A scavenger named Supriono was questioned by South Jakarta's Tebet police officers for carrying the body of his three-year-old daughter around the city because he had no money for the burial. The officers were suspicious of Supriono's explanation -- that his daughter had died of diarrhea and vomiting. Ordered to go to the Cipto Mangunkusumo Hospital for an autopsy, Supriono, who hails from the small town of Muntilan, Central Java, balked at the charge and insisted to health officials that he take his daughter home to Bogor for burial. He argued that he had many fellow scavengers in Bogor. But he didn't know how he could bring his child home as he had no money to rent an ambulance.
Supriono's apprehension about the hospital fees drew the attention of several good samaritans, who spontaneously collected money for him. However, the scavenger found the money donated to him was still too small to rent an ambulance.
So Supriono left the hospital with the dead body of his second child and followed by his first child, a six-year old, he decided to go to Bogor on foot.
The drama ended when Supriono remembered Sri Suwarni, a woman he had once rented lodgings from. He went to Manggarai, South Jakarta, to meet Sri.

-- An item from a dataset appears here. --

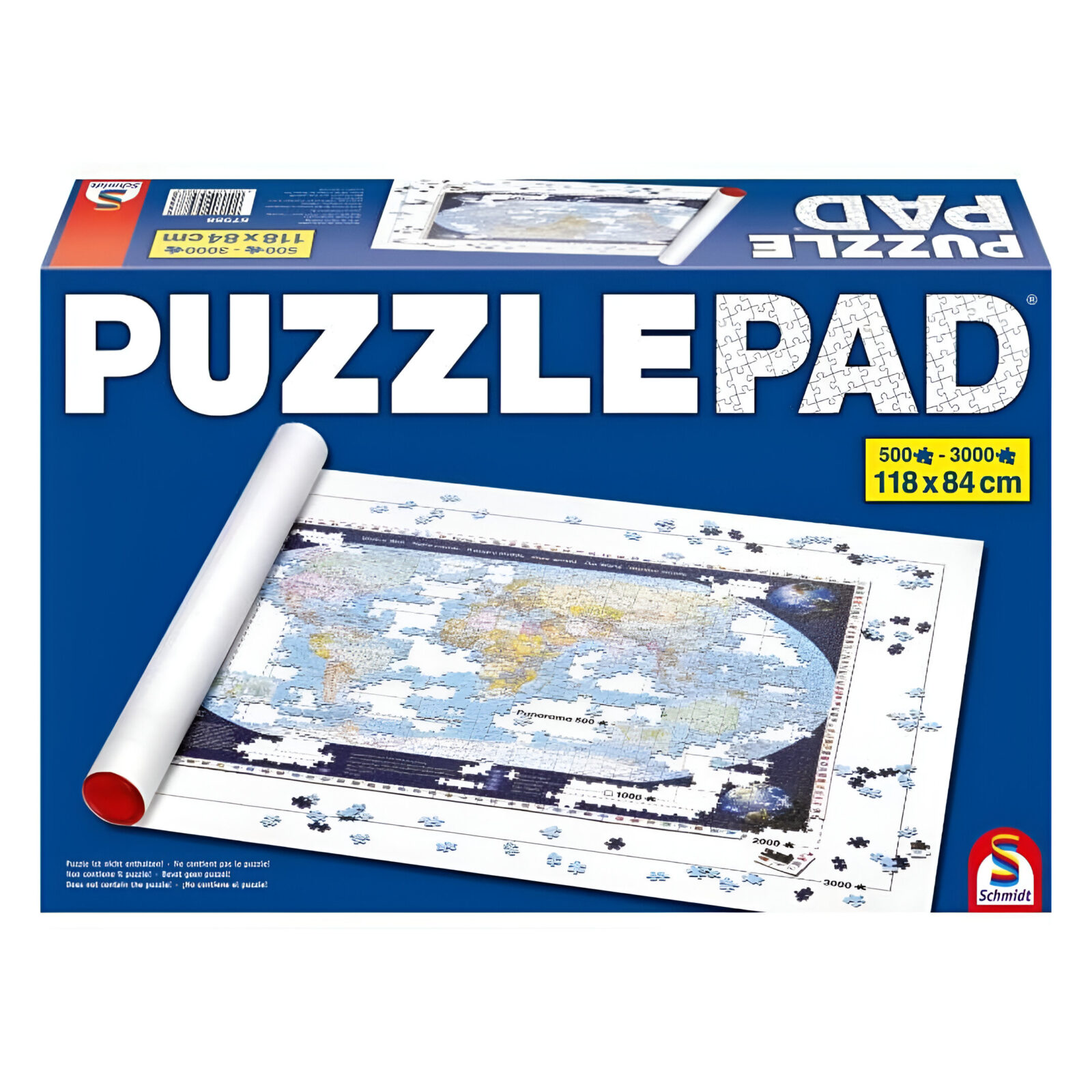 Puzzle Pad – up to 3000 pieces Puzzle Pad – up to 3000 pieces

Shocked by the presence of Supriono and his daughters, the generous woman sought help from her neighbors to arrange the funeral.
Five days after Supriono's drama was over we were again surprised by another report -- this time of a 61-year-old woman who was found dead, apparently from hunger, in her home in Cakung, East Jakarta. The neighbors said they had frequently given food to the elderly woman before. Her death shocked the community after it emerged the old woman had been locked in her room by her son, Sidik, who said later that he had kept her there while he was looking for job to pay back his debts. Sidik, a percussion teacher at a nearby mosque, explained he had locked his mother inside because she was senile. But he didn't explain why he had left her without food.
It a kind of irony that both these tales of poverty and woe took place in Jakarta, famous throughout the archipelago for its big-city glamor and tales of riches made. It's not hard to understand where these ideas come from. Luxury cars worth billions of rupiah regularly speed past on Jakarta streets and glittering high-rise buildings fill the capital's skies. In the green, moneyed areas, loud spaghetti mansions boast of untold wealth, their gardens full of micturating lions and cherubs, while their less ostentatious kin, exclusive apartments housing the upper-middle classes, peer coldly out of gated complexes.
Jakarta, a magnet for job seekers in the archipelago, has unfortunately become a jigsaw puzzle at the same time. But this is not a diversion for children, but a dangerous challenge for adults, a game with sharp edges. If you do not fit, like Supriono and Sidik, you or your kin risk being cut to shreds. As the popular song Siapa suruh datang Jakarta (who asks you to come to Jakarta?) tells people like Supriono and Sidik, the capital city is most likely the wrong place for you to live, despite your all- out efforts to survive.
But while the stories of Supriono and Sidik and his mother Mardiah are the dark side of Jakarta, they are also showcases of official, if not public, indifference. They beg the questions, do we still pay good attention to what is going on around us? And do we care?
According to a senior sociologist, Paulus Wirutomo, what people did for Supriono and Mardiah, while it was admirable, was actually a demonstration of social minimalism.
For Paulus, that people gave money to help Supriono so his toddler could have a decent burial was not a mistake, but it was not enough.
The police seemed to do the right thing when, after four hours of questioning Supriono, they ordered the scavenger to go to the Cipto Mangunkusumo Hospital for a child's autopsy. However, the police, as a state institution, should have done more to help Supriono. They could have contacted an official institution in charge of public funerals to help Supriono, but they did not.
The hospital, too, as a government institution in charge of human welfare did absolutely nothing to help Supriono after he refused an autopsy for his child on financial grounds.
Why was it that a good-hearted woman, Sri Suwarni, initiated and arranged the funeral of Supriono's child. Why did "public servants" have nothing to do with it?
Neighbors were generous to the elderly Mardiah when they gave her meals but it was not enough to ease the burden she was becoming on her son, or the maltreatment she suffered at his hands. It would have been better for them to have exhorted the neighborhood unit chief to seek institutional help for Mardiah.
While we Jakartans are commemorating the 478th anniversary of the capital city, which falls on June 22, it might be a good time to reflect on what we have done for our neighbors.
If government institutions that are supposed to care for the poor, prove to be useless, then it is time for us, the citizens, to do something -- to reach out and lend a hand when officials fail.
Otherwise, we will be sickened by the same "urban disease" that seems to afflict our social institutions -- a malady of ignorance, indifference, and selfishness.